Short text fragments from websites:
· · · ·

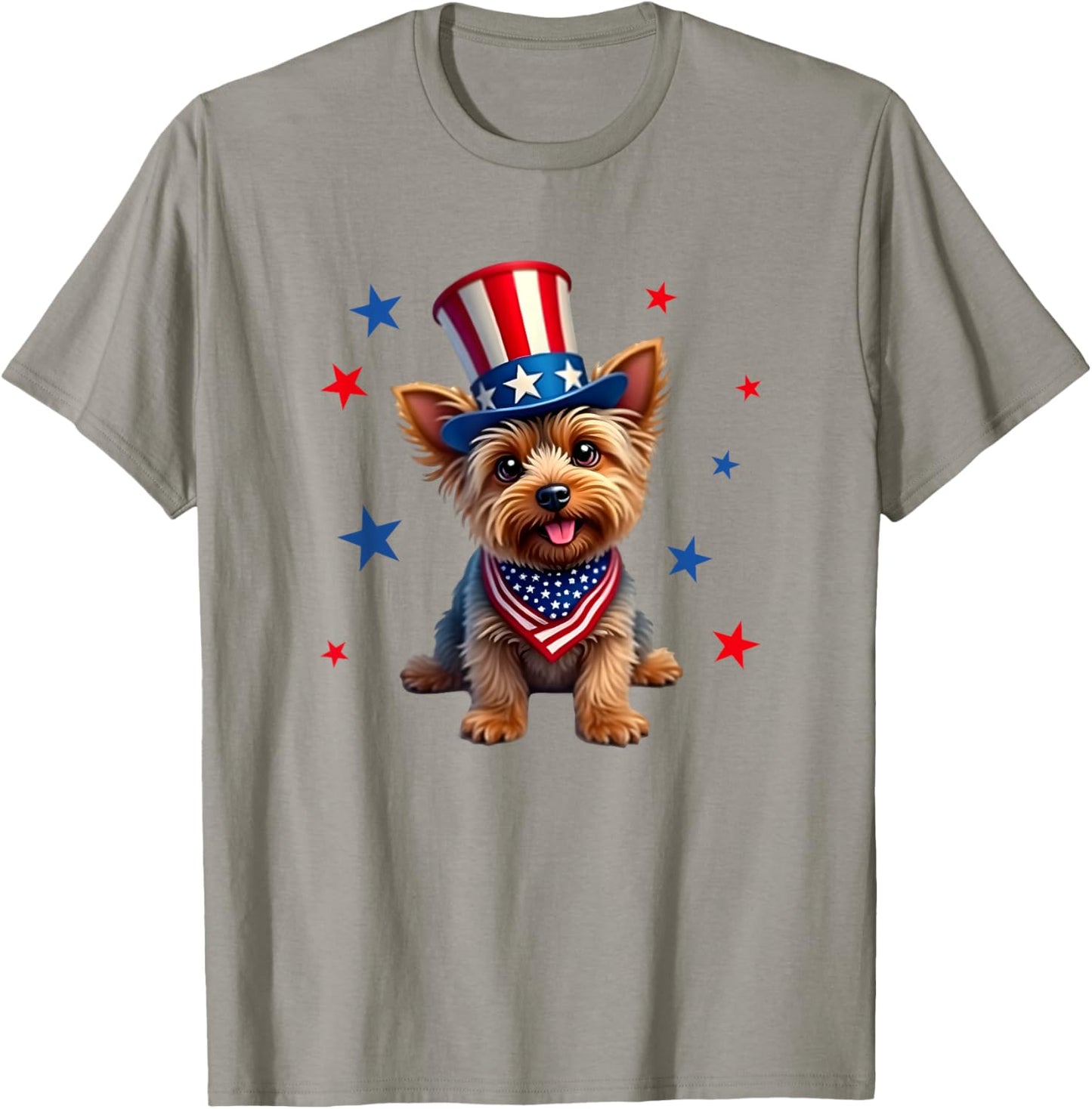 Yorkie, 4th of July, Yorkshire Terrier dog, Patriotic T-Shirt - T-Shirt | Sand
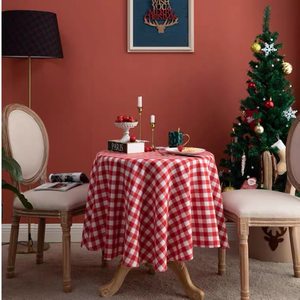 
ins Korean plaid tablecloth small fresh round dining table velvet cloth children's birthday party decoration decoration background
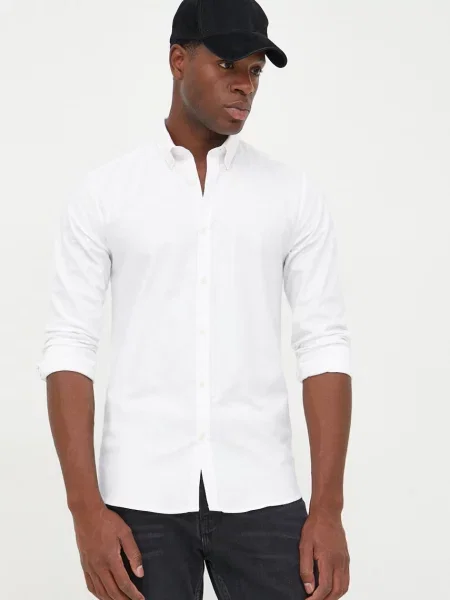 Košile Lindbergh slim s límečkem button-down bílá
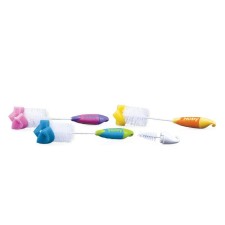 NUBY BABY BOTTLE& NIPPLE BRUSH WITH SPONGE TIP AND HOOK BASE, COLORS MAY VARY 1PIECE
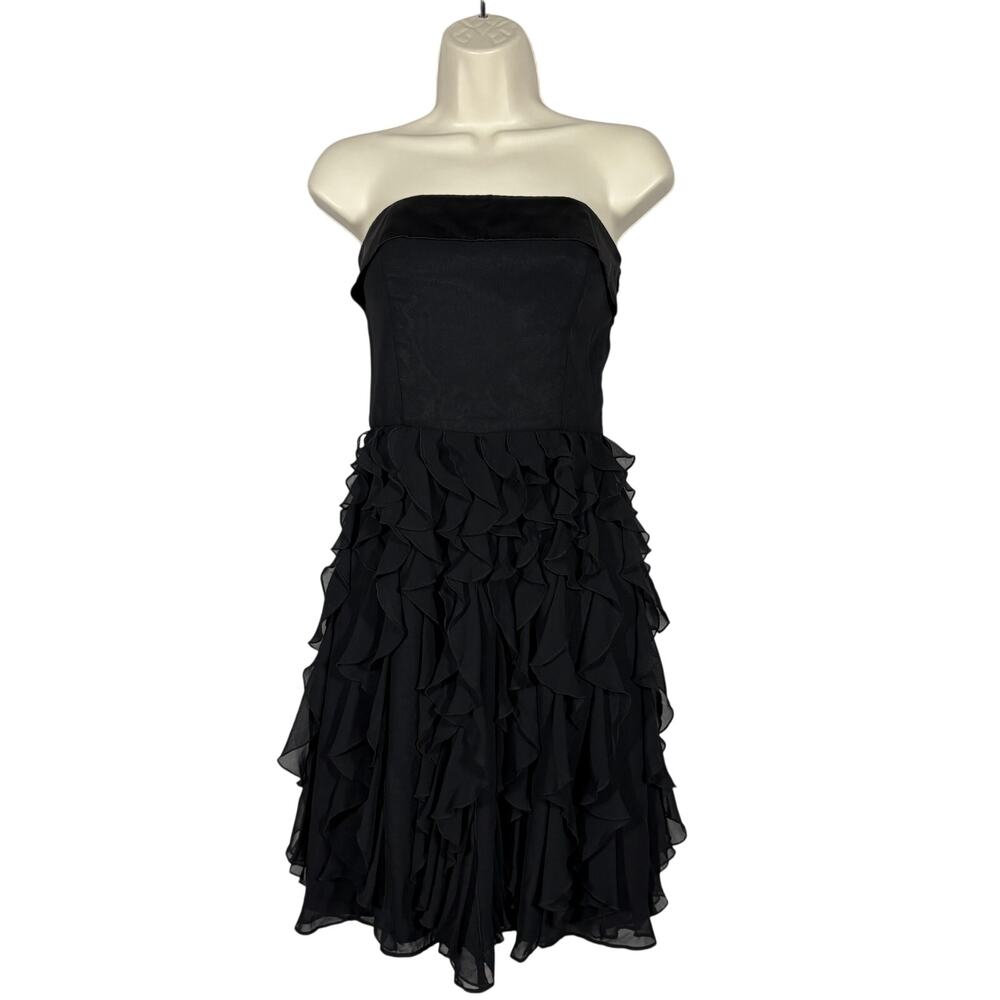 White House Black Market Ruffled Strapless Dress 0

· · · ·

#### Goal of the exercise:
The answer must be the entries above, printed exactly, with no pictures.

#### Solution to this task:
 Yorkie, 4th of July, Yorkshire Terrier dog, Patriotic T-Shirt - T-Shirt | Sand
ins Korean plaid tablecloth small fresh round dining table velvet cloth children's birthday party decoration decoration background
 Košile Lindbergh slim s límečkem button-down bílá
 NUBY BABY BOTTLE& NIPPLE BRUSH WITH SPONGE TIP AND HOOK BASE, COLORS MAY VARY 1PIECE
 White House Black Market Ruffled Strapless Dress 0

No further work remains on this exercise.